● **TRY IT**
The entries must be repeated verbatim, and their images left out.

[Saved entries]
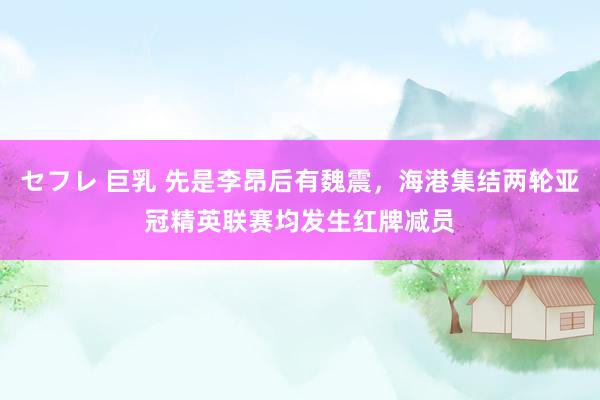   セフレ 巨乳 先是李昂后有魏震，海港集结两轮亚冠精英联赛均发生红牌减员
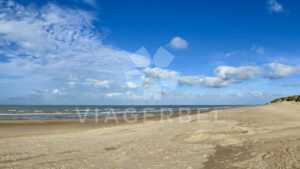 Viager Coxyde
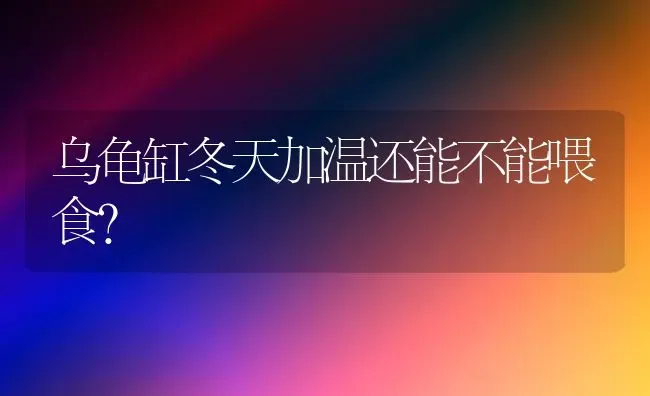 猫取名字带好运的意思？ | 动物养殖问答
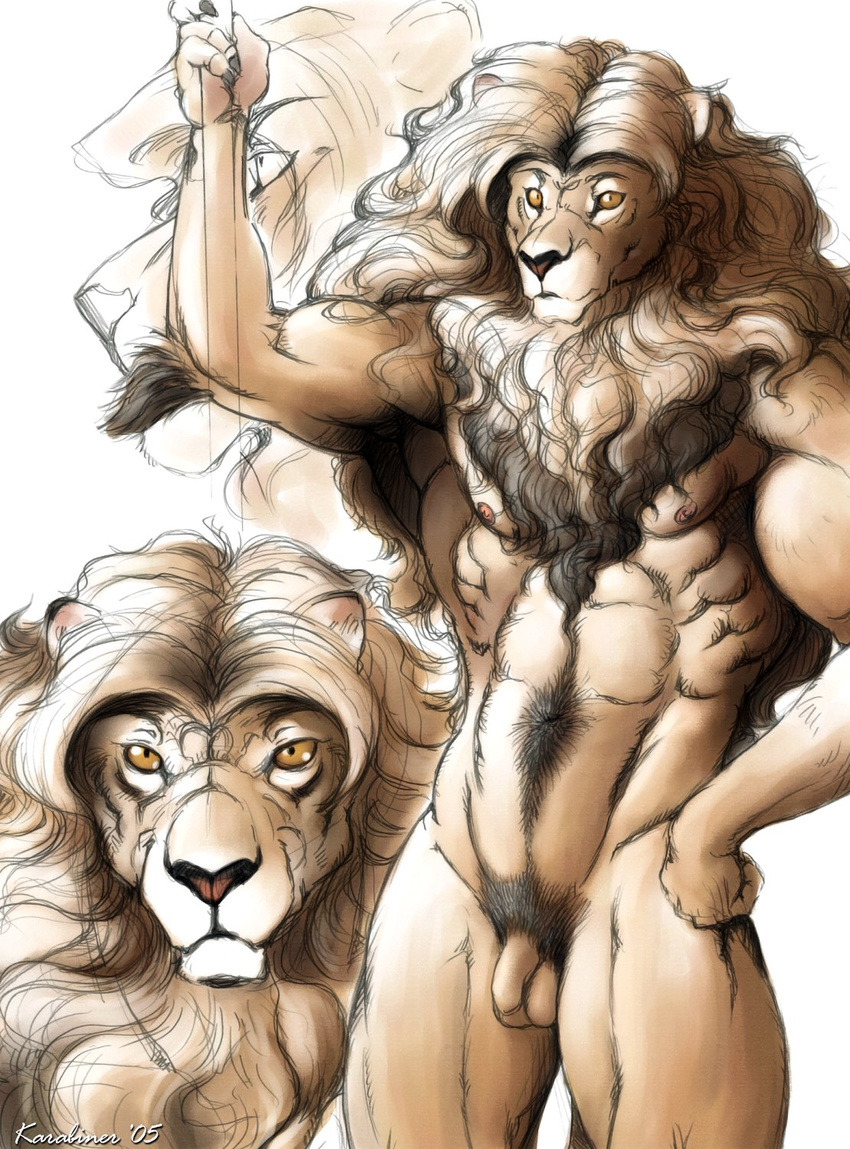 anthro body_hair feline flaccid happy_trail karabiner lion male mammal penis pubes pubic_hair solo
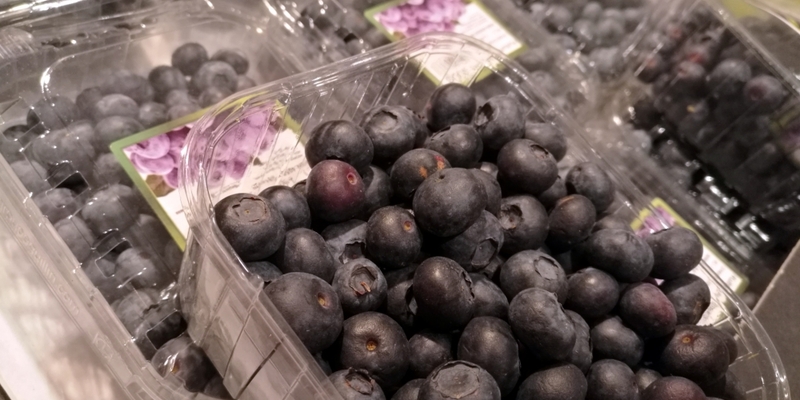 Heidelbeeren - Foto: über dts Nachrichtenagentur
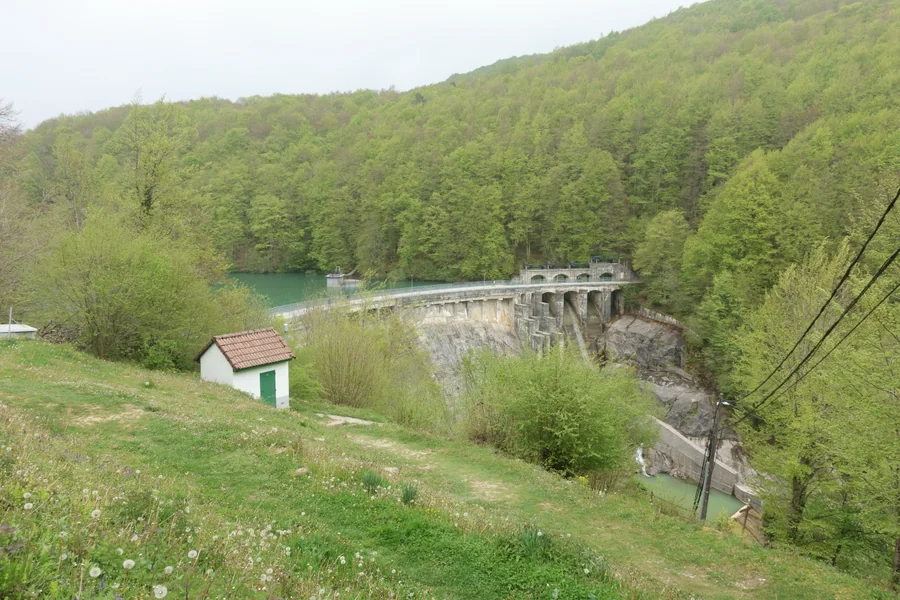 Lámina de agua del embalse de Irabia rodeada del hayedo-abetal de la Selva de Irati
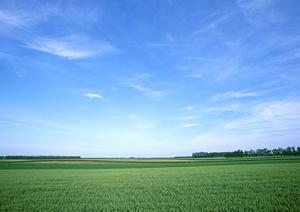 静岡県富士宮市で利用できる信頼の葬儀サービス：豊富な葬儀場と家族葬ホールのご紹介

● **SOLUTION TO THE EXERCISE**
   セフレ 巨乳 先是李昂后有魏震，海港集结两轮亚冠精英联赛均发生红牌减员
 Viager Coxyde
 猫取名字带好运的意思？ | 动物养殖问答
 anthro body_hair feline flaccid happy_trail karabiner lion male mammal penis pubes pubic_hair solo
 Heidelbeeren - Foto: über dts Nachrichtenagentur
 Lámina de agua del embalse de Irabia rodeada del hayedo-abetal de la Selva de Irati
 静岡県富士宮市で利用できる信頼の葬儀サービス：豊富な葬儀場と家族葬ホールのご紹介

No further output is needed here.